> [WHAT TO PRODUCE]:
Omit the pictures, then reproduce every remaining record exactly.

> [DATA TO PROCESS]:

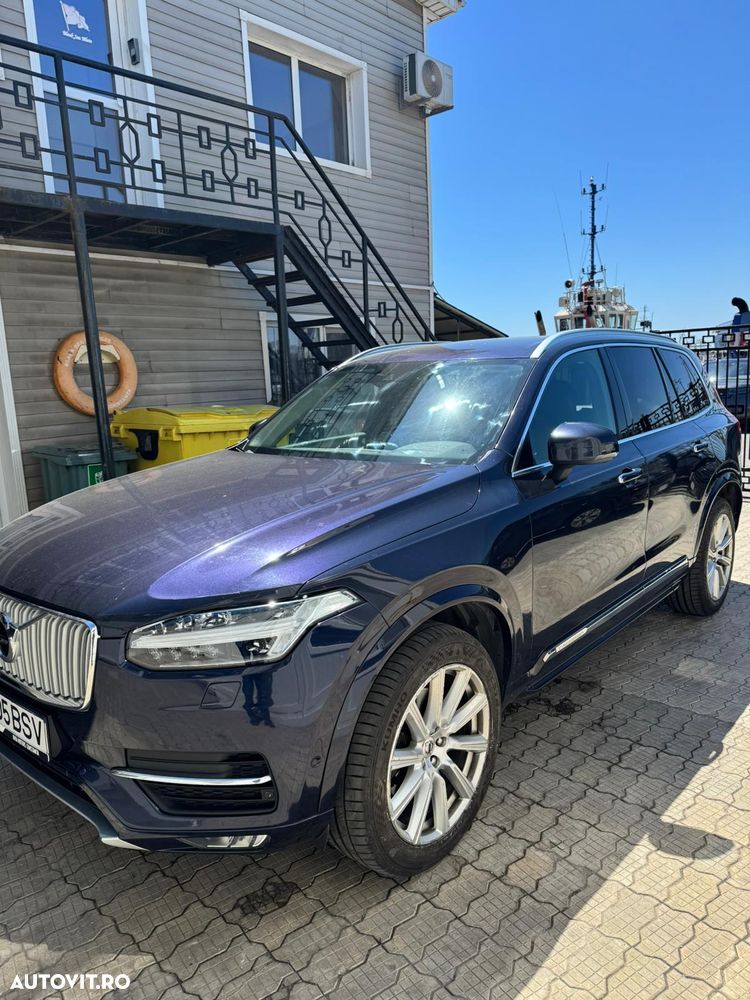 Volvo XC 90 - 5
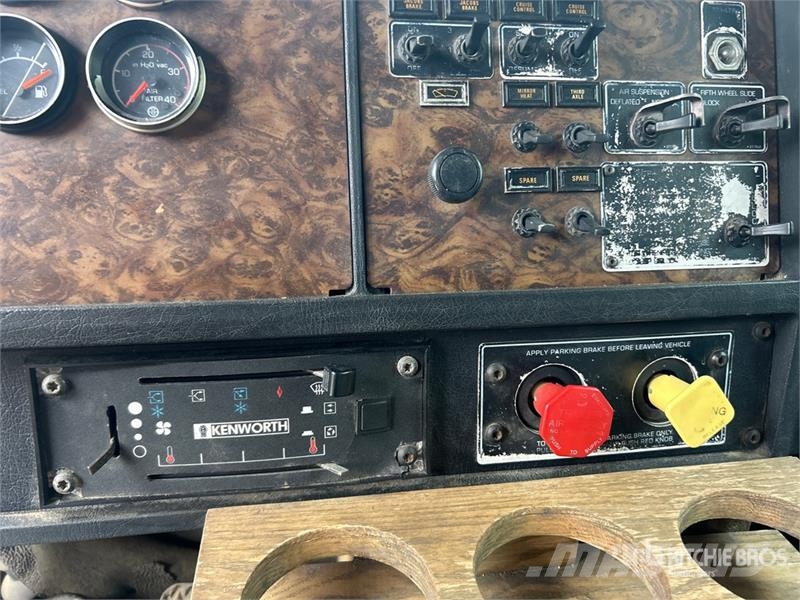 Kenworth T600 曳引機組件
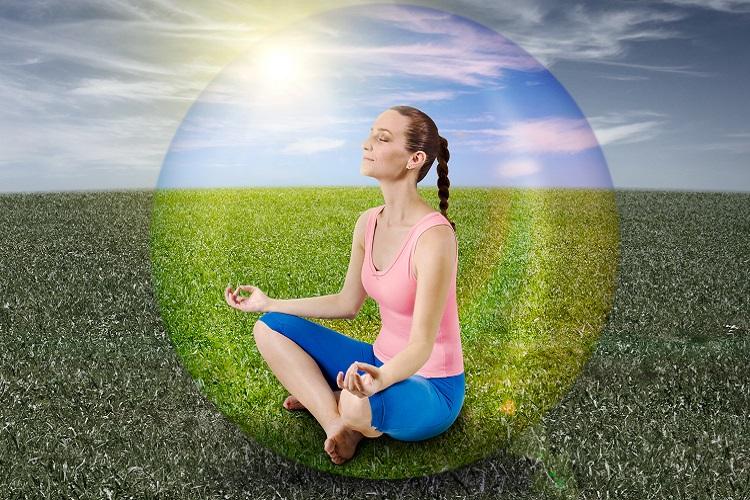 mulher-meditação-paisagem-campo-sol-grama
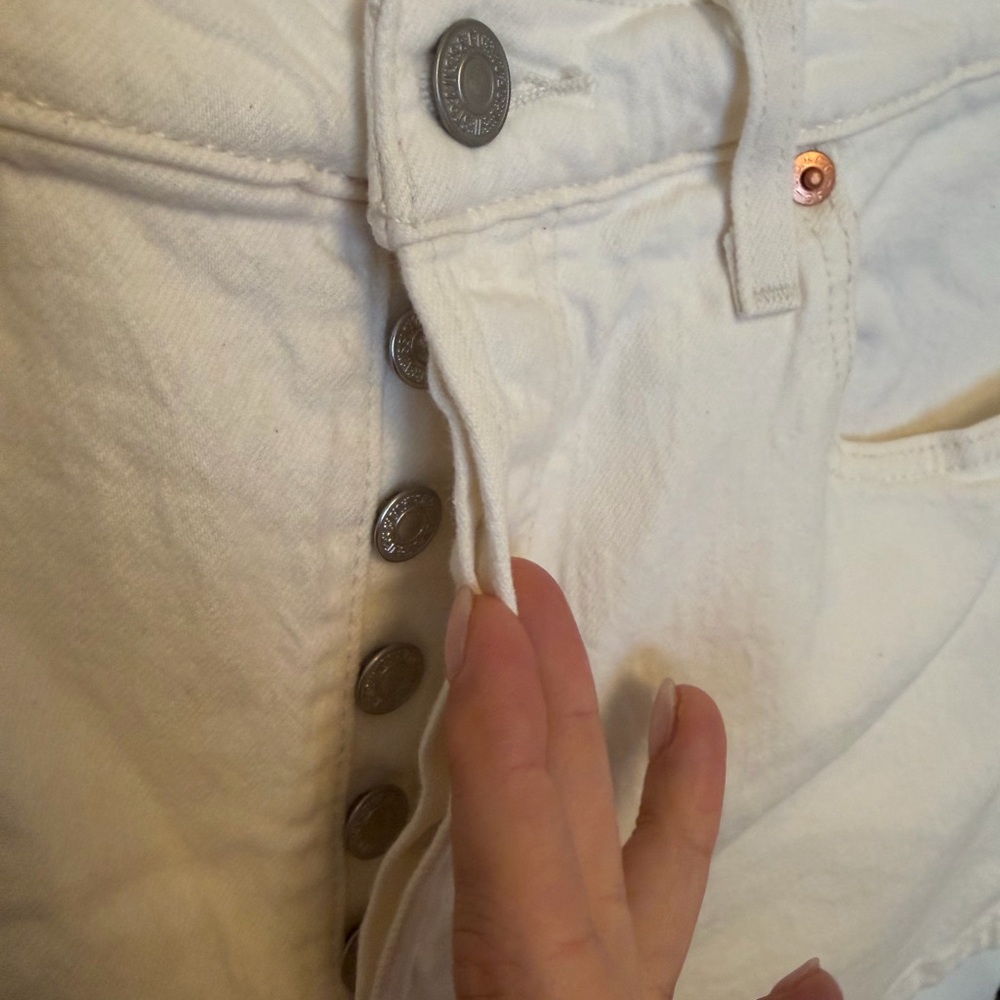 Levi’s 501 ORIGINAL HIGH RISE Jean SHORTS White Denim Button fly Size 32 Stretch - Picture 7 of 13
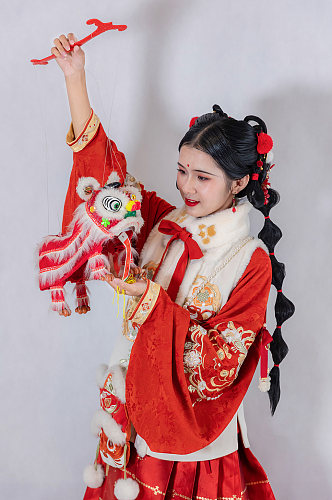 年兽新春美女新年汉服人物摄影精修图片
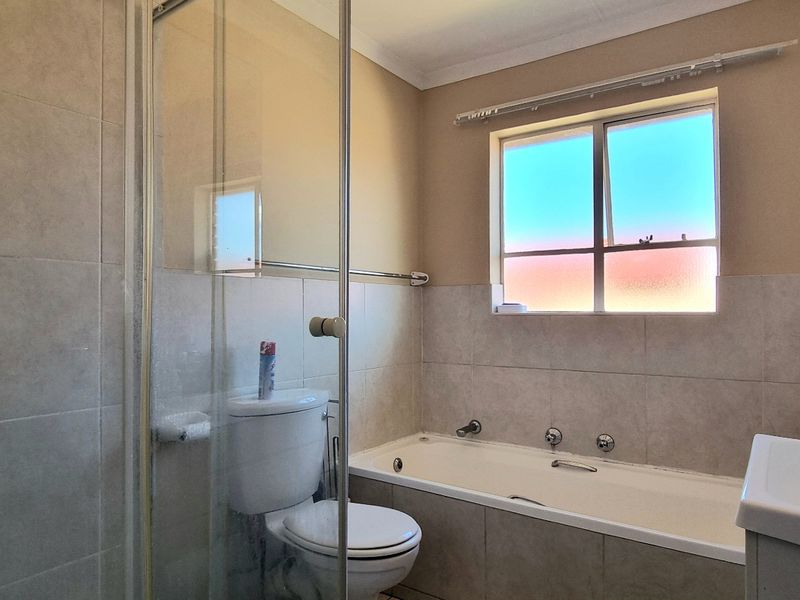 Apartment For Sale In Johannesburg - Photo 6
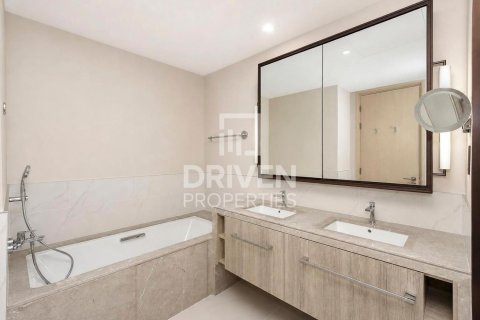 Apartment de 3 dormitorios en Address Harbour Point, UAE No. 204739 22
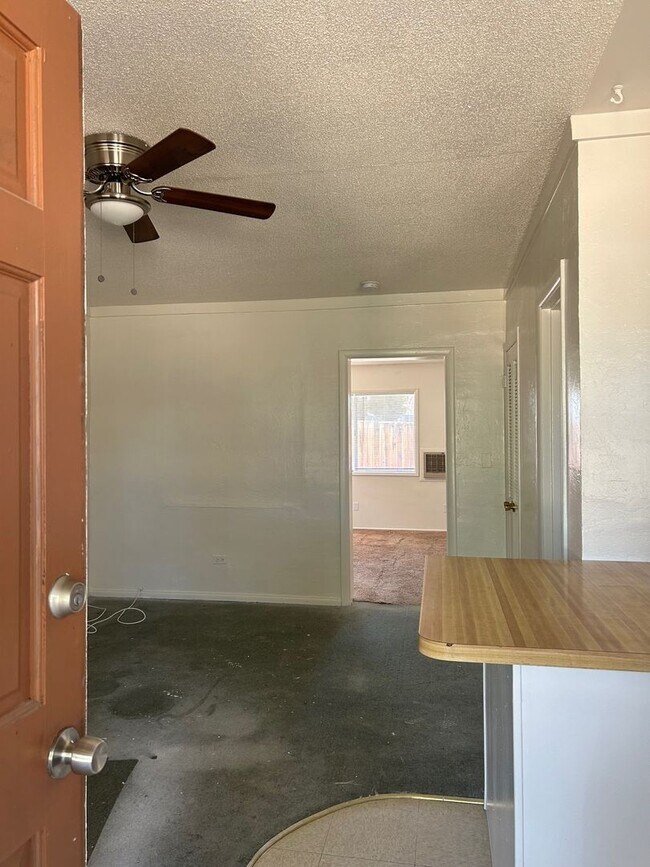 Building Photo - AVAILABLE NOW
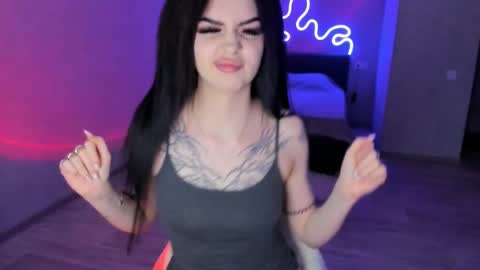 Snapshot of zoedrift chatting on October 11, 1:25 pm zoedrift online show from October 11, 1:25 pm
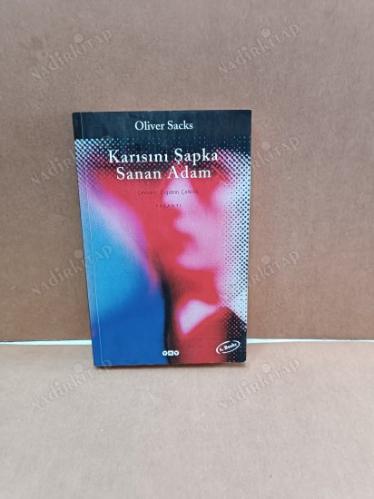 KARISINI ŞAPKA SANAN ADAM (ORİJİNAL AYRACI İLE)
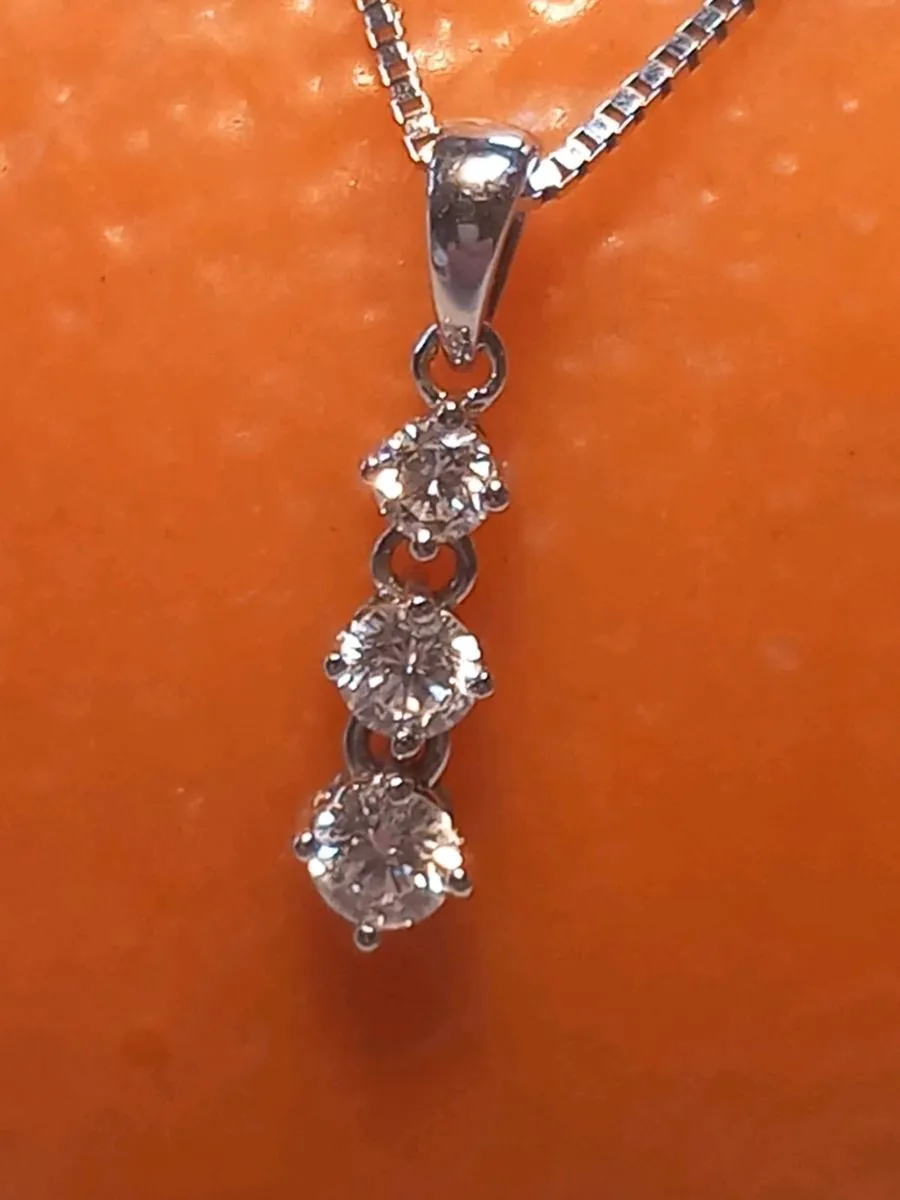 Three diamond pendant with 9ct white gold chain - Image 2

> [SOLUTION FOR THIS PROBLEM]:
 Volvo XC 90 - 5
 Kenworth T600 曳引機組件
 mulher-meditação-paisagem-campo-sol-grama
 Levi’s 501 ORIGINAL HIGH RISE Jean SHORTS White Denim Button fly Size 32 Stretch - Picture 7 of 13
 年兽新春美女新年汉服人物摄影精修图片
 Apartment For Sale In Johannesburg - Photo 6
 Apartment de 3 dormitorios en Address Harbour Point, UAE No. 204739 22
 Building Photo - AVAILABLE NOW
 Snapshot of zoedrift chatting on October 11, 1:25 pm zoedrift online show from October 11, 1:25 pm
 KARISINI ŞAPKA SANAN ADAM (ORİJİNAL AYRACI İLE)
 Three diamond pendant with 9ct white gold chain - Image 2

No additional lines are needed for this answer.